**Goal of the exercise:** Output all of the records word for word and drop the images.

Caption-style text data
"""

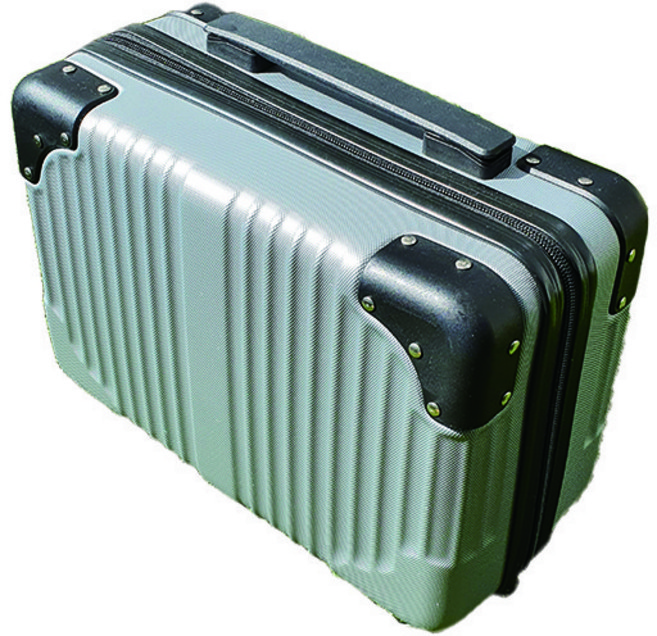 늘바론 미니 캐리어 네임택 14인치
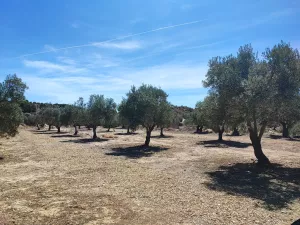 FINCA DE OLIVOS CON RIEGO POR GOTEO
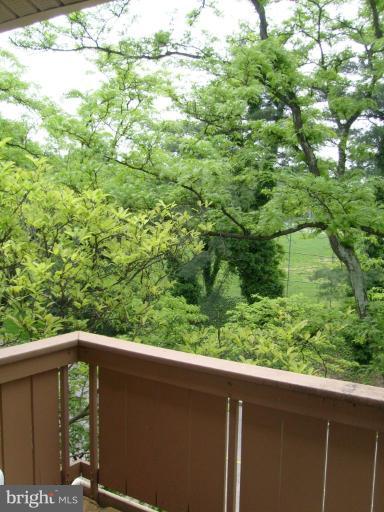 3 Hamill Road, Unit 3E Baltimore, MD 21210 - Photo 5 of 13 Porch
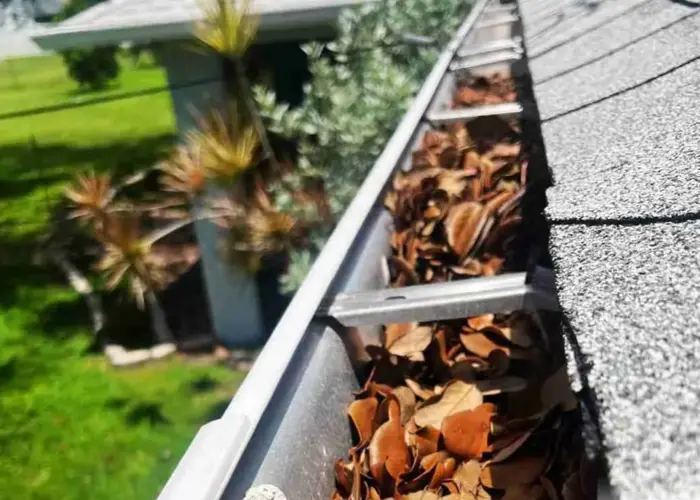 Gutter Cleaning Brookhaven home page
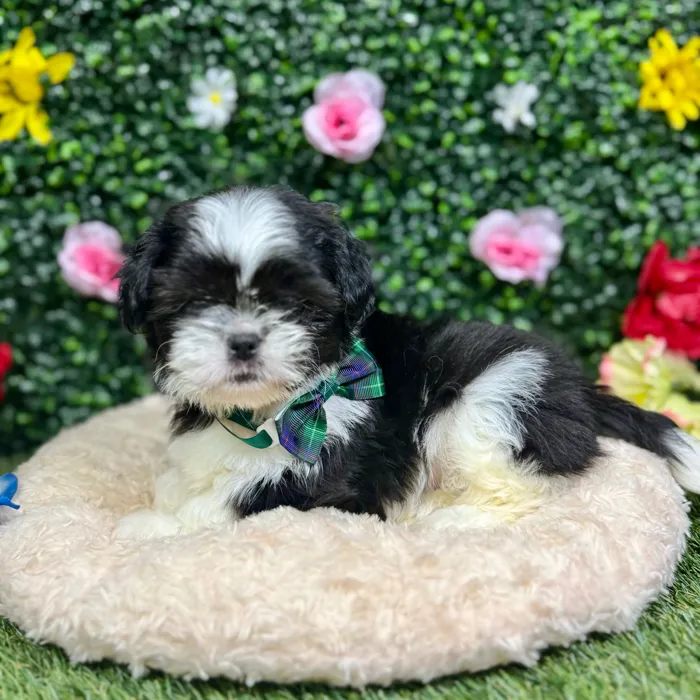 Male Shih Tzu puppy named Woody for sale at Puppy Dreams - Round Rock.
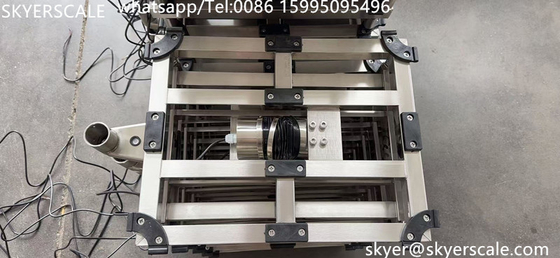 Đường cân trọng lượng băng ghế 100kg 30x40cm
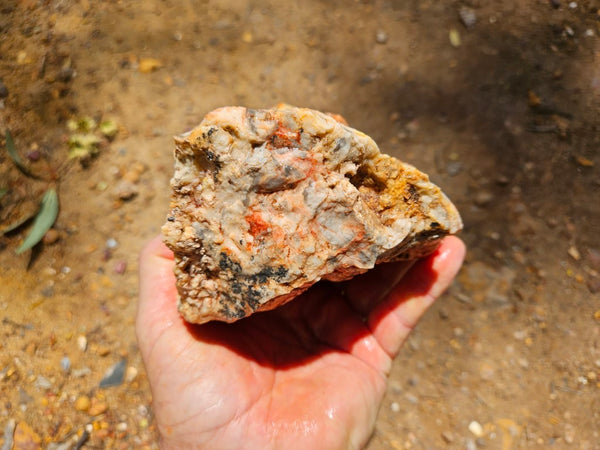 Crazy Lace Agate rough.  CLR 129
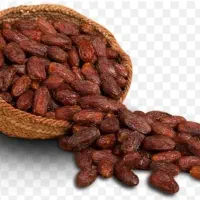کارتون خالی خرما دو ردیف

"""

**Solution to this exercise:**
 늘바론 미니 캐리어 네임택 14인치
 FINCA DE OLIVOS CON RIEGO POR GOTEO
 3 Hamill Road, Unit 3E Baltimore, MD 21210 - Photo 5 of 13 Porch
 Gutter Cleaning Brookhaven home page
 Male Shih Tzu puppy named Woody for sale at Puppy Dreams - Round Rock.
 Đường cân trọng lượng băng ghế 100kg 30x40cm
 Crazy Lace Agate rough.  CLR 129
کارتون خالی خرما دو ردیف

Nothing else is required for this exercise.